Kerajaan Aceh merupakan salah satu kerajaan Islam terbesar di Indonesia yang berkembang pada abad ke-16 M. Pada masa tersebut banyak muncul filusuf muslim seperti Hamzah Fansuri, Nuruddin ar Raniri, dan Abdurrauf as-Singkili yang berperan seabagai ulama kerajaan hingga penyebar ajaran Islam di Sumatra.
Pemikiran Hamzah Fansuri yang banyak ditinggalkan adalah Wahdatul Wujud atau menyatunya kewujudan. Hamzah Fansuri juga dikenal sebagai penyair besar pada eranya. Beberapa karya sastra peninggalan Hamzah Fansuri adalah Syair Burung Unggas, Syair Burung Pipit, Syair Dagang, Syair Perahu, Asrar al-Arifin, Sharab al-Asyikin, dan Kitab Al-Muntahi / Zinat al-Muwahidin.
Nurudin ar Raniri merupakan seorang ulama besar Kesultanan Aceh yang memiliki pengetahuan luas yang meliputi tasawuf, kalam, fikih, hadis, sejarah, dan perbandingan agama. Nurudin ar Raniri menentang ajaran Hamzah Fansuri mengenai Wahdatul Wujud yang dianggap bisa menimbulkan kesalahan bagi orang yang belum memiliki ilmu cukup. Beberapa karya Nurudin ar Raniri adalah Bustan al-Salatin, Shiratal Mustaqim, dan Fawaid Al Bahiyah.
Abdurrouf as-Singkili merupakan ulama Kesultanan Aceh yang berperan dalam masa pemerintahan Sultan Iskandar Muda. Abdurrouf as-Singkili banyak mengajarkan serta mengembangkan tarekat Syattariah.

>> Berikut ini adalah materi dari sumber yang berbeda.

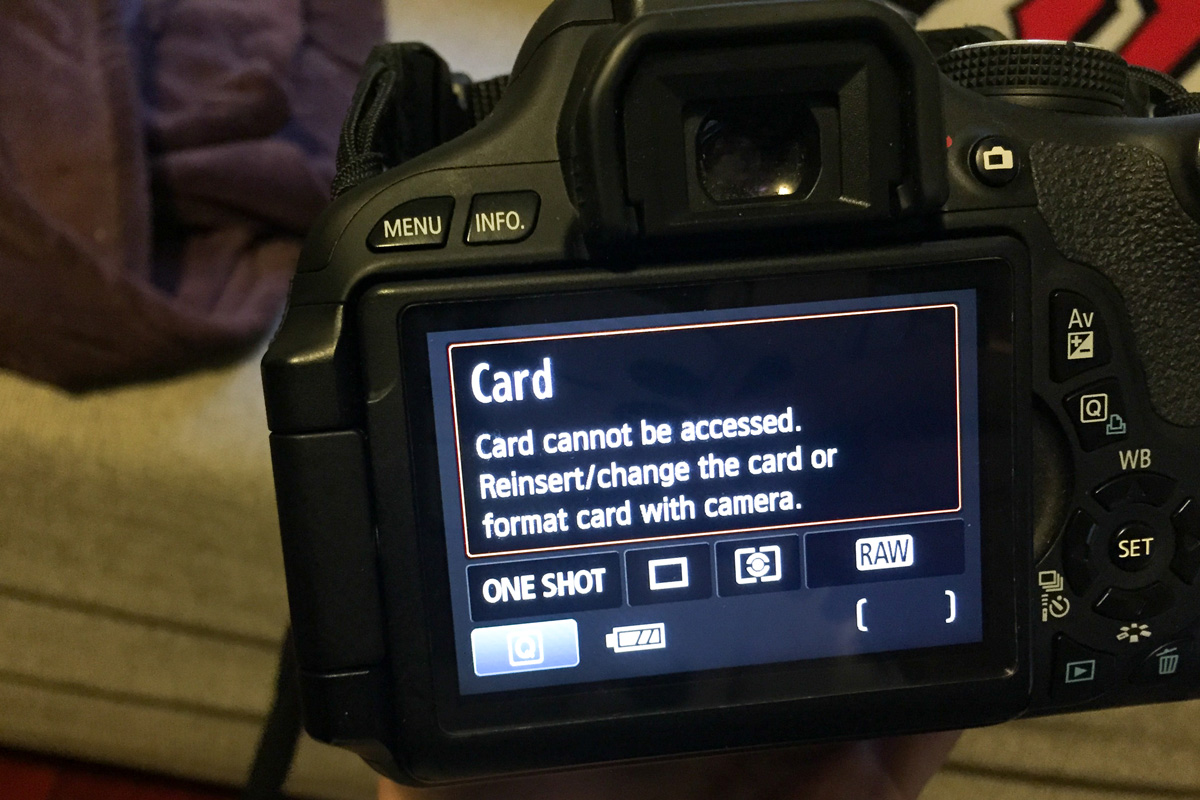 Dslr Card Cannot Be Accessed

Beberapa karya Abdurrouf as-Singkili adalah Mir'at al-Thullab fî Tasyil Mawa'iz al-Badî'rifat al-Ahkâm al-Syar'iyyah li Malik al-Wahhab, Tarjuman al-Mustafid, Mawa'iz al-Badî', hingga Kifayat al-Muhtajin ilâ Masyrah al-Muwahhidin al-Qâilin bi Wahdatil Wujud.
Dengan demikian beberapa karya dari Hamzah Fansuri, Nurudin ar Riniri, dan Abdurrouf as-Singkili adalah Syair Burung Unggas, Bustan al-Salatin, dan Mir'at al-Thullab fî Tasyil Mawa'iz al-Badî'rifat al-Ahkâm al-Syar'iyyah li Malik al-Wahhab.